Zwischendurch braucht es Disharmonie und Auseinandersetzung.
Als Präsidentin ist es jetzt ihre Aufgabe, die Anliegen ihrer Basisorganisationen mit einer Stimme zu vertreten. Wie machen Sie das?
Der Kanton Bern ist heterogen, und die Spitex-Organisationen sind es auch. Die Voraussetzungen für die einzelnen Organisationen sind verschieden. Es gibt beispielsweise Unterschiede in der Geografie, in der Ausdehnung des Wirkungsraumes, bei der Anzahl der Stützpunkte. Die Spitex ist vielfältig. Und doch arbeiten wir alle nach den gleichen Grundsätzen und mit der gleichen Überzeugung. Eine Stimme reicht da nicht. Es haben mehrere Stimmen nebeneinander Platz. Zwischendurch braucht es auch Disharmonie und Auseinandersetzung. Nur so kann Neues entstehen.
Wo schaffen Sie Räume, damit die angesprochenen Diskussionen stattfinden können?
Darüber denke ich im Moment in der Tat sehr intensiv nach. Formell gibt es aktuell im Verband die Delegiertenversammlung und den Vorstand, wo Fragen zur künftigen Entwicklung besprochen und auch kontrovers diskutiert werden können. Zudem gibt es Informationsveranstaltungen und Treffen in den Regionen. Ob das ausreicht? Ich weiss es noch nicht.
In den letzten Monaten hat die Spitex im Kanton Bern für viele negative Schlagzeilen gesorgt. Wie geht es der Spitex aus Ihrer Sicht?
Festzuhalten ist: Die Spitex-Fachleute haben ihre Klientinnen und Klienten jeden Tag wie gewohnt versorgt. Sie haben einen tollen Job gemacht – und machen ihn auch heute noch. Tag für Tag. In Organisationen, die so gross sind wie die Spitex Bern oder die Spitex Seeland, kann es auch mal krachen. Das ist nichts Ungewöhnliches bei KMUs dieser Grösse: Manchmal stimmt etwas nicht, Führungskräfte haben unterschiedliche Vorstellungen bezüglich der Strategie etc. Dann braucht es eine Bereinigung. Ich suche solche Situationen nicht. Doch vielleicht haben sie auch etwas Gutes: Man schaut genauer hin und klärt.

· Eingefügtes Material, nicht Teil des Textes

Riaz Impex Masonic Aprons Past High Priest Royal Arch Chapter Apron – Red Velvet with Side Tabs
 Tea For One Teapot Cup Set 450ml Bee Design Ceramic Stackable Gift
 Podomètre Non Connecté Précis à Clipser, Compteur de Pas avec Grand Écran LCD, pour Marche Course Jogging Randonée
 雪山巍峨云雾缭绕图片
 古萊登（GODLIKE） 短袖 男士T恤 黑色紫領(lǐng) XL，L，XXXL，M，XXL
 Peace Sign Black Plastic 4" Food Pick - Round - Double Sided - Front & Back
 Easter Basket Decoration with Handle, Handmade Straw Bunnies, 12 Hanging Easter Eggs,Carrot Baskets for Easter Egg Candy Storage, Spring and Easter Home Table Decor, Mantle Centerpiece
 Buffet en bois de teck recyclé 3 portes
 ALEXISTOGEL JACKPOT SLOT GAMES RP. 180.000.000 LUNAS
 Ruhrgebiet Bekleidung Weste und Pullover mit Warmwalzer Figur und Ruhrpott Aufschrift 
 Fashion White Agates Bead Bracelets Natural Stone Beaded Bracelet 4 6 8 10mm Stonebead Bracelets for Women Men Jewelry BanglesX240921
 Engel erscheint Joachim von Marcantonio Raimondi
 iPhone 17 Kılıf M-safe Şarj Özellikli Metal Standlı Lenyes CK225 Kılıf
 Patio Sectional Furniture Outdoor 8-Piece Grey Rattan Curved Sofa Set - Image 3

Im Moment diskutiert der Spitex Verband Kanton Bern intensiv mit der Gesundheits- und Fürsorgedirektion (GEF) über ein neues Vergütungssystem. Sechs Millionen Franken müssen gespart werden. Wie kommen die Gespräche voran?
Wir sind mitten in den Verhandlungen. Es liegen Vorschläge auf dem Tisch, die wir simuliert haben, um die Auswirkungen abschätzen zu können. Wir haben unsere Erkenntnisse präsentiert und neue Vorschläge gemacht. Was klar ist: Wir müssen sechs Millionen Franken einsparen! Das tut weh. Das ist ein hoher Betrag, der nicht mehr zur Verfügung steht. Es stellt sich die Frage, ob alle Spitex-Organisationen auch künftig noch die Versorgungspflicht sicherstellen können.
Es ist schwierig, ein gerechtes System zu finden.
Im Moment entrichtet der Kanton Bern eine Entschädigung pro Kopf. Es muss ein neues System her. Welche Kriterien kommen in Frage?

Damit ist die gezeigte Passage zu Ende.